Captain Campbell of the Forty-Third surrenders in the inner trench. Twenty-six of his seventy are killed or wounded. Eight Americans die in the assault, twenty-five are wounded, including Olney, who recovers. Hamilton sends back the courier to Washington at twelve minutes past eight: Sir, I have the honour to report that the redoubt is taken.

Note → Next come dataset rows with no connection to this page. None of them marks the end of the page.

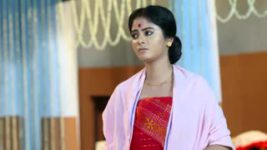 Debi Choudhurani S01E37 Brajeshwar's Haldi Ceremony Full Episode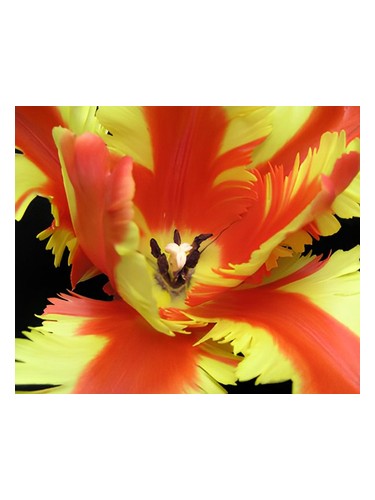 Bud Parfums Jezebel fragrance bottle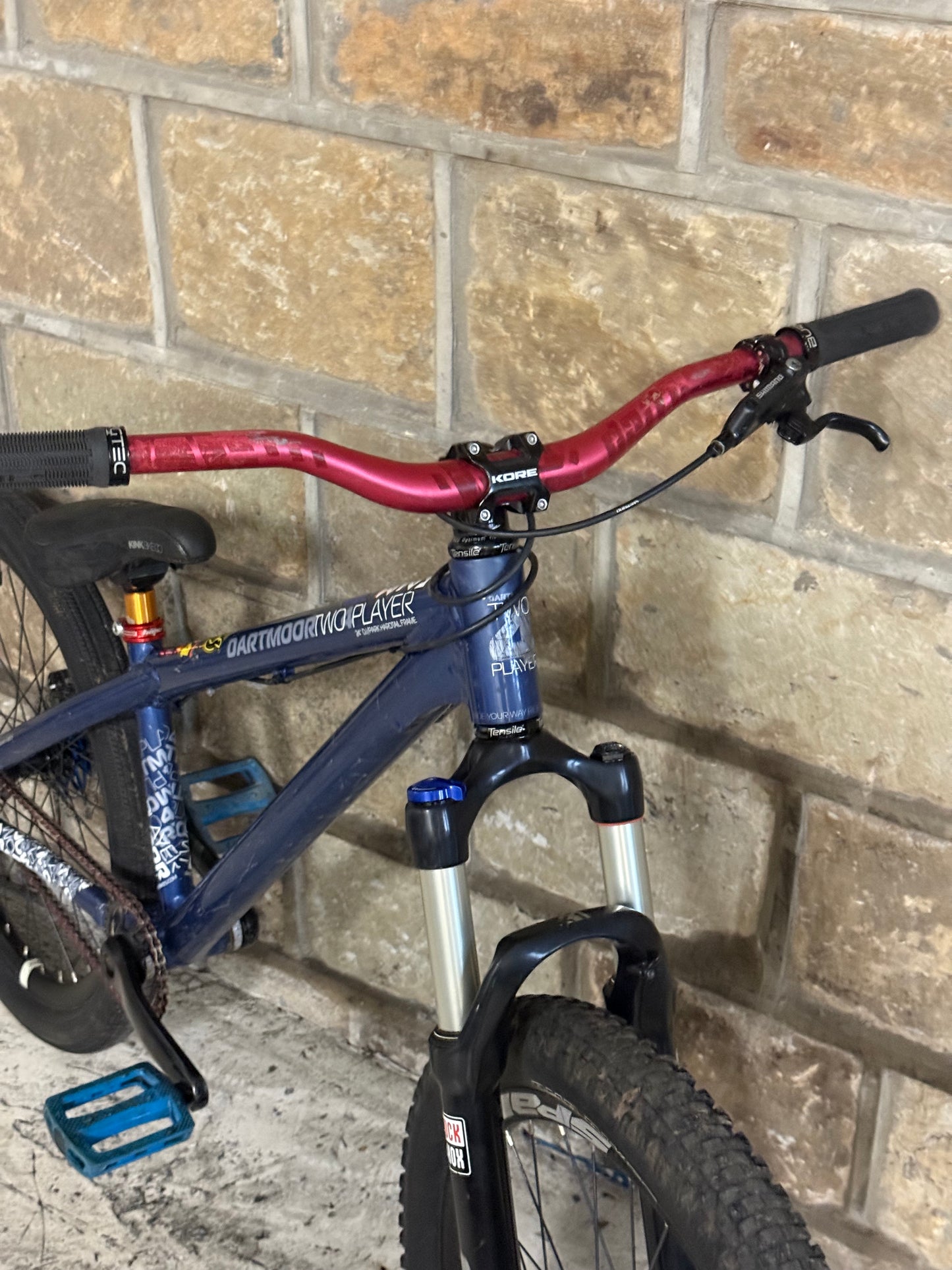 Custom Dartmoor Dirt Jump Bike 24”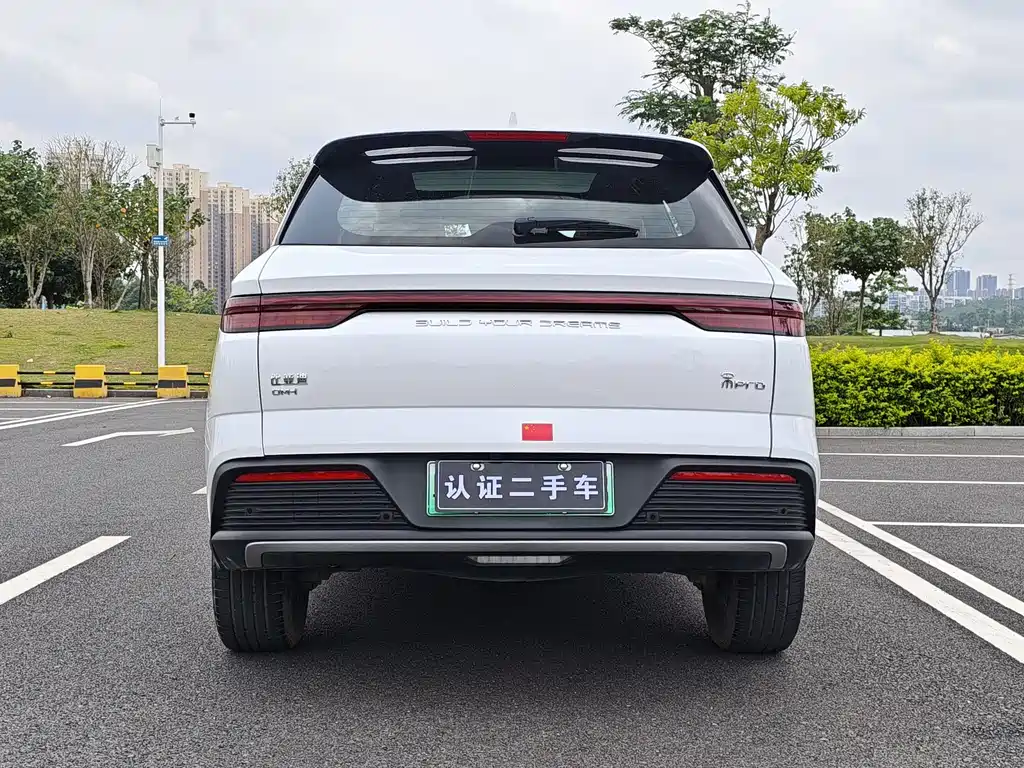 BYD Pro New Energy 2023 — фото 5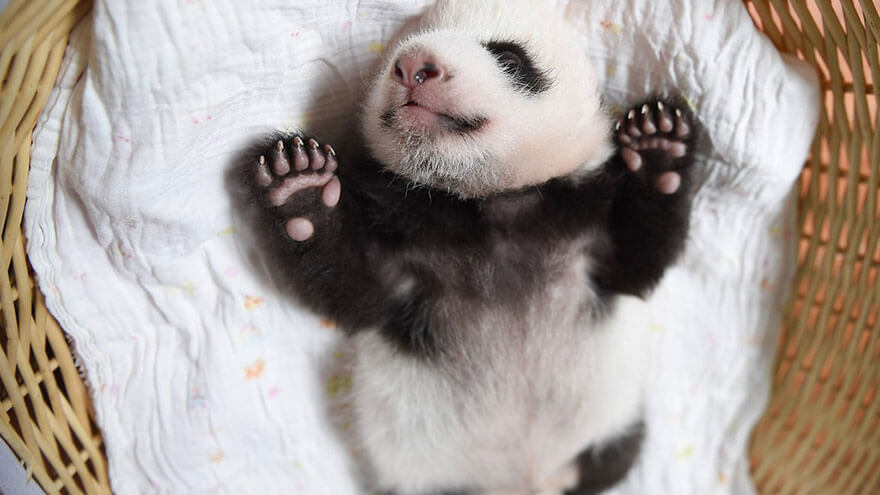 Adorable photos of 10 newborn pandas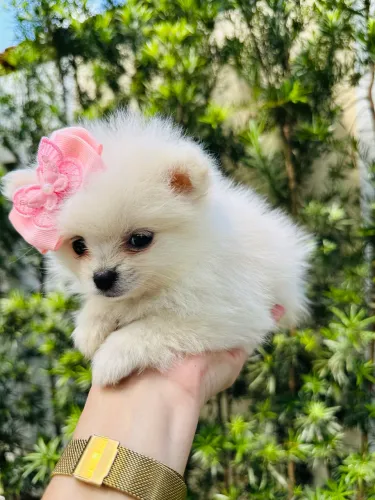 LULU  MENINO E MENINA COM PEDIGREE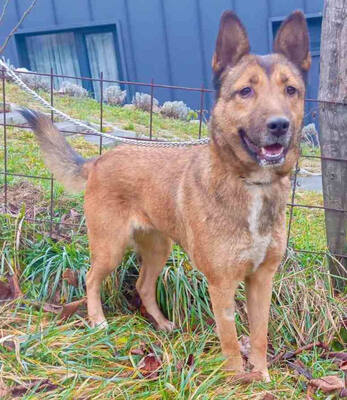 Trish freut sich auf IHRE Familie, Mischling - Hündin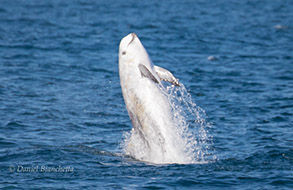 Breaching Risso's Dolphin, photo by Daniel Bianchetta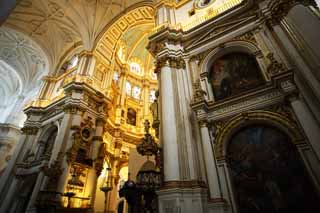 fotografia, material, livra, ajardine, imagine, proveja fotografia,A Catedral, , , , 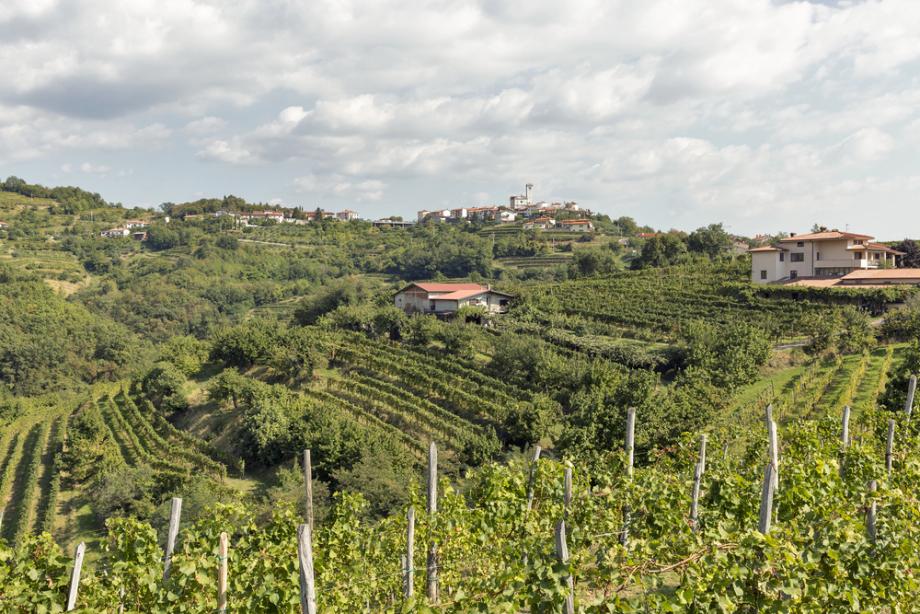 Vinogradi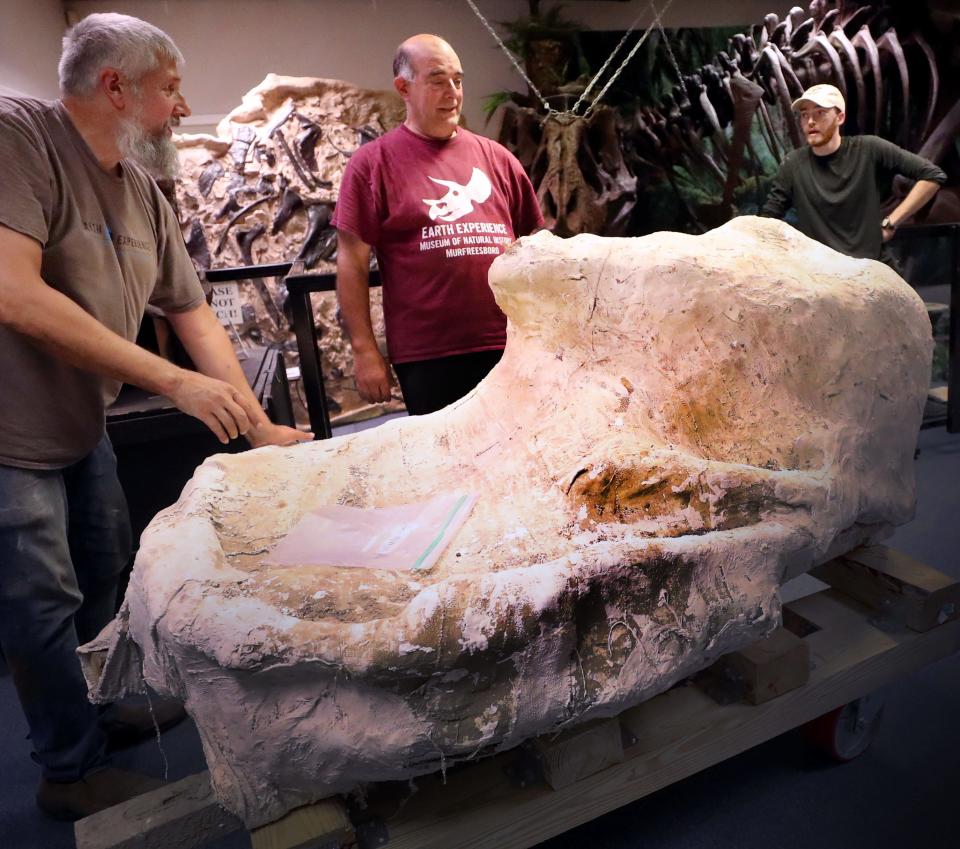 Alan Brown, left , Joe Nochera, center, and Fischer Touchton speak over a triceratops skull that Alan Brown helped excavate in Montana is delivered to Earth Experience - Middle Tennessee Museum of Natural History on Tuesday, Sept. 5, 2023.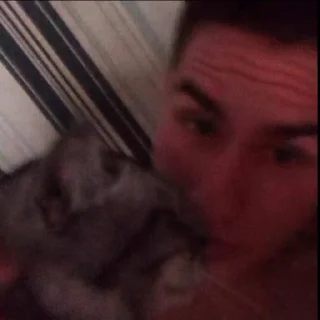 🌟 emoji МАВВВВВААА Telegram sticker 18 of 65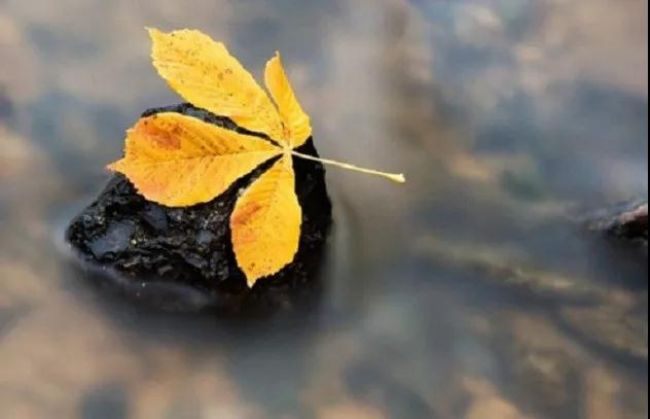 �����ȥ�ˣ��Ͳ�Ҫ̫���ա�̫����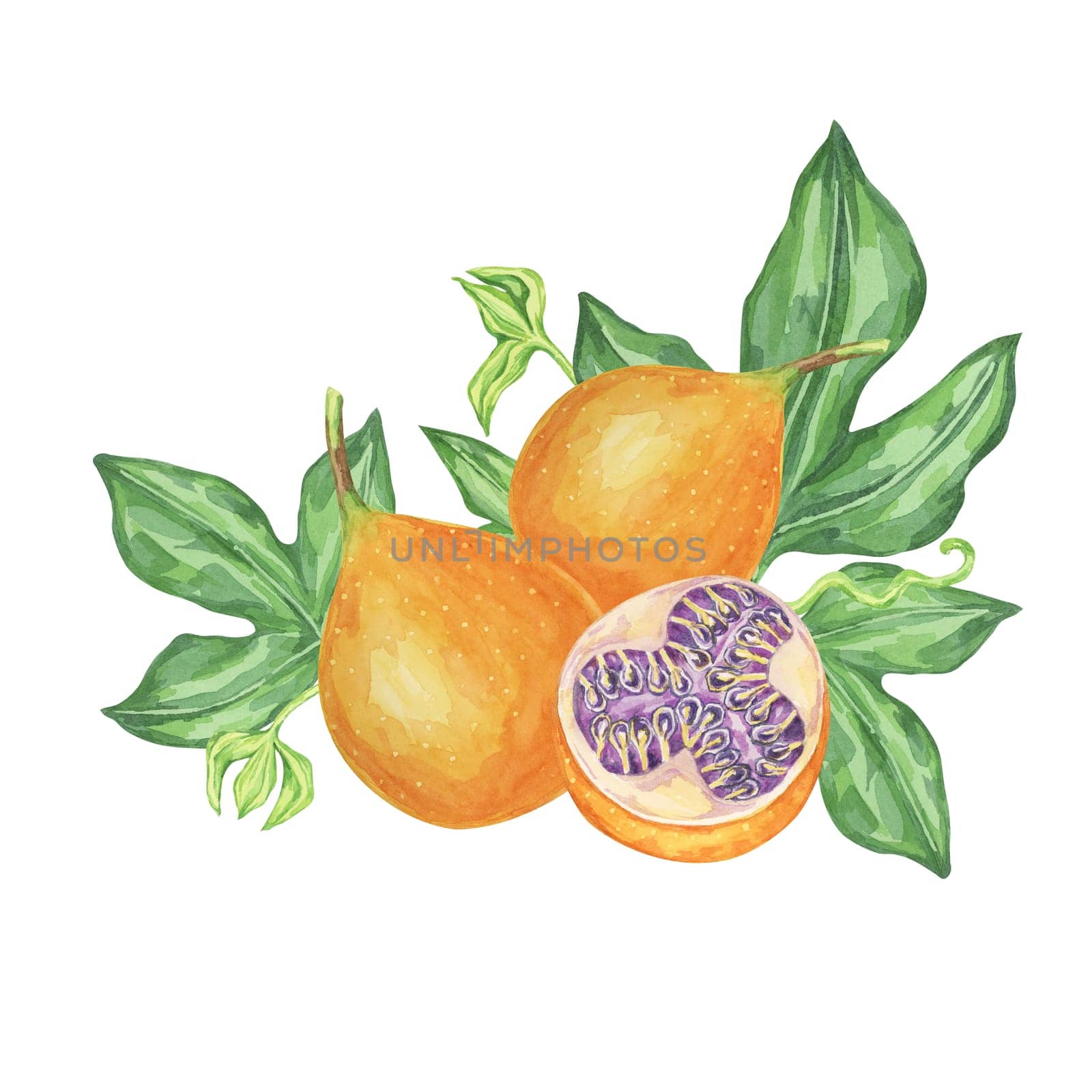 Sweet granadilla watercolor clipart shows two orange fruits with green leaves and a sliced fruit revealing the seeds. Perfect for culinary illustrations, kitchen wall art, and botanical prints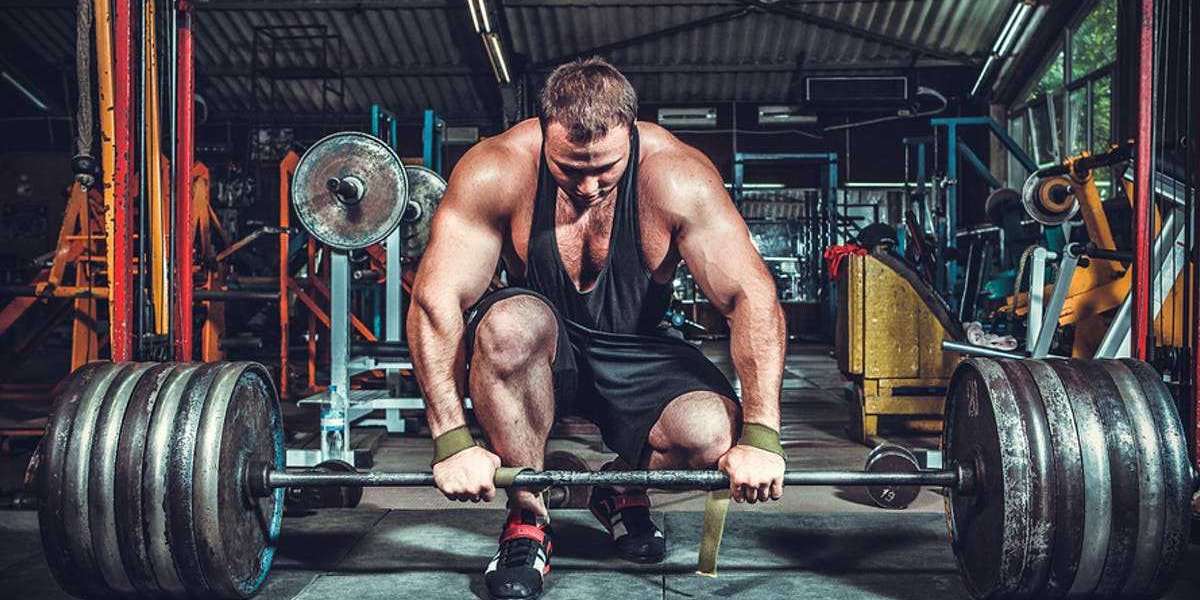 BASIC INFORMATION ON LEGAL STEROIDS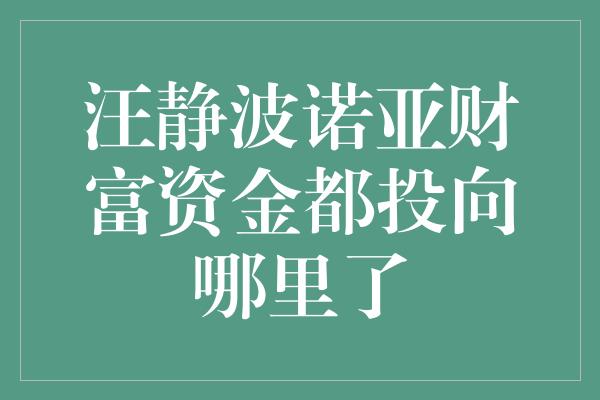 汪静波诺亚财富资金都投向哪里了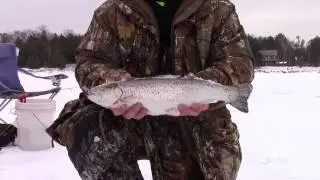 Brown trout ice fishing wi 2017!!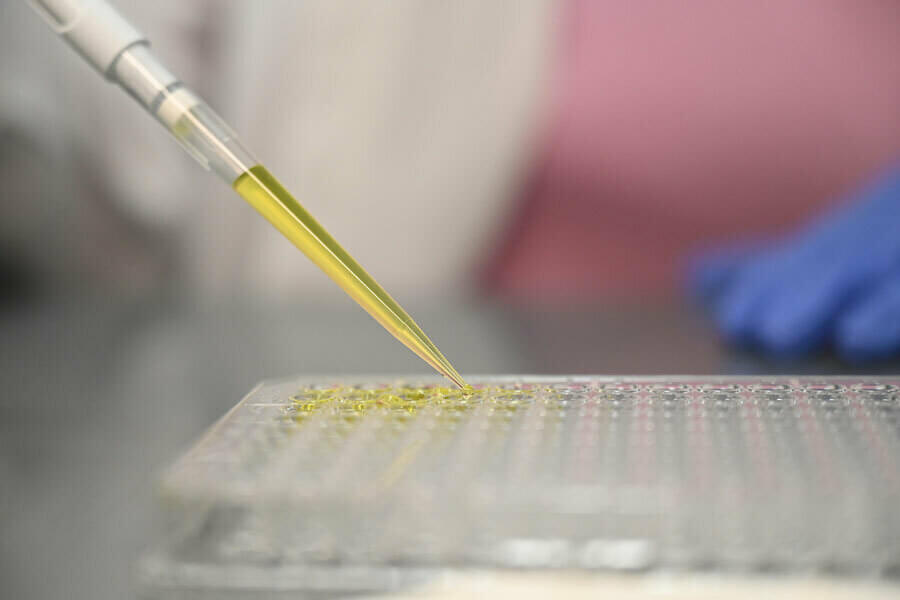 Closeup of a pipette filled with yellow liquid being used to fill a tray of vials.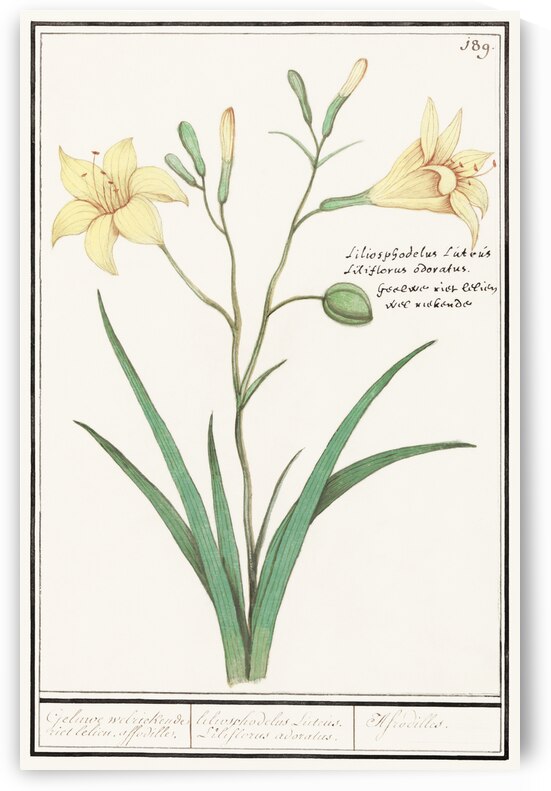 Yellow lily in vintage style by IStockHistory com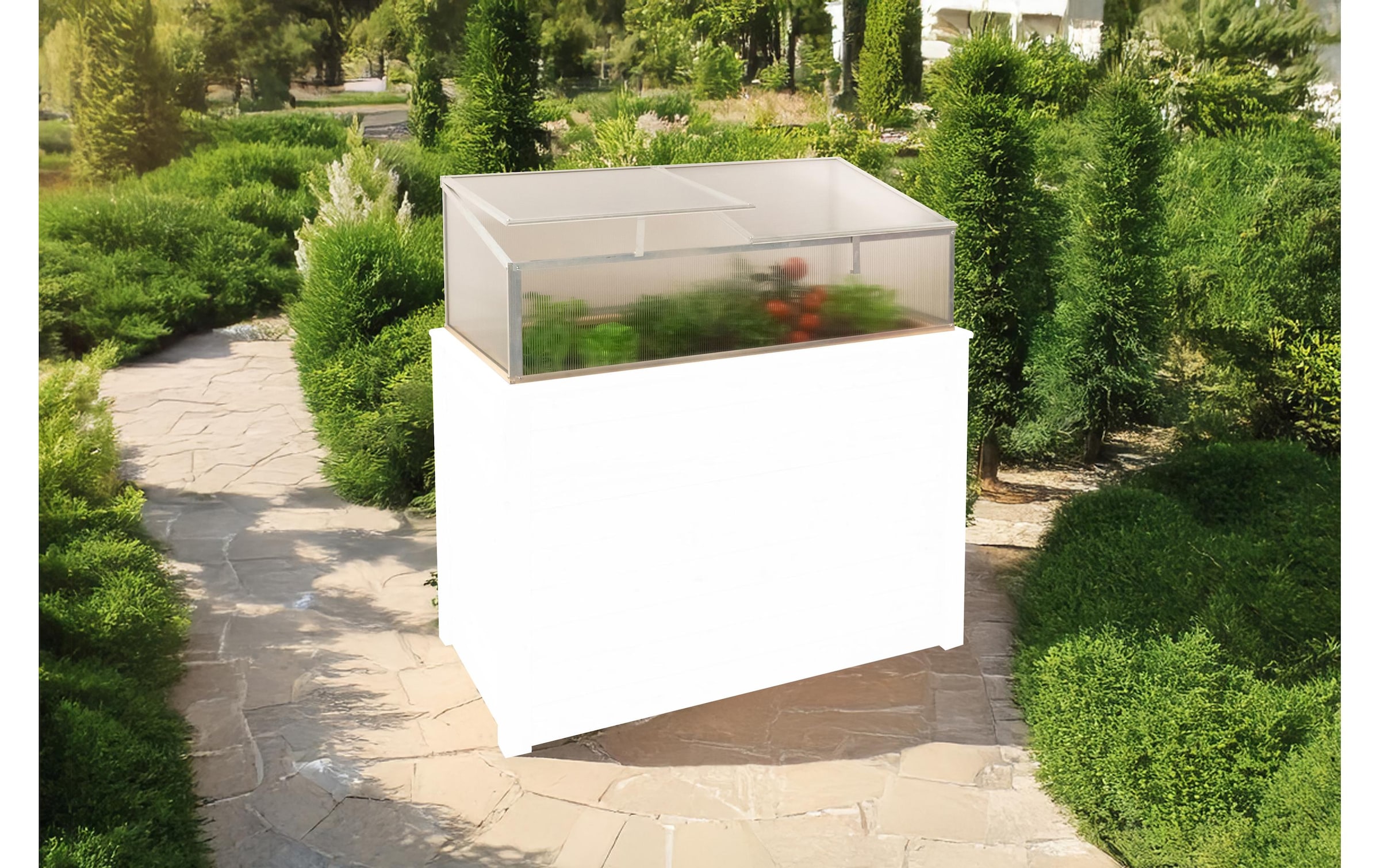 WESTMANN Frühbeet »Genus 100« BxTxH: 95x62x41 cm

Lord Cornwallis, in his headquarters in the Nelson House inside the British inner works, was informed at half past eight by an aide-de-camp that both Redoubt 9 and Redoubt 10 had fallen and that French and American sap-lines were already running new approaches off the captured ground. He wrote to Sir Henry Clinton in New York that night that he could not, with the troops he had, hold the inner works against the new battery positions; the works would be enfilade-fired by morning. He asked for terms on the seventeenth. The articles of capitulation were signed on the nineteenth at 2 p.m. on the field. About 7,000 British and German troops surrendered. The American Revolutionary War, in operational terms, ended at Redoubt 10 on the night of the fourteenth. Hamilton went home to New York, was admitted to the bar in 1782, served in the Continental Congress, co-authored the Federalist Papers with Madison and Jay in 1787–88, and became the first Secretary of the Treasury under the new Constitution in September 1789. He was killed in a duel by Aaron Burr in July 1804. The bayonet-only attack on Redoubt 10 is, by every careful tactical study, the cleanest small-unit assault of the American Revolution. The musical Hamilton of 2015 covers the redoubt in twenty-eight bars and the line immigrants, we get the job done. The redoubt itself is a low earthwork in the Colonial National Historical Park outside Yorktown today; it is mowed twice a year, and a bronze plaque, weathered, names Hamilton and Fish.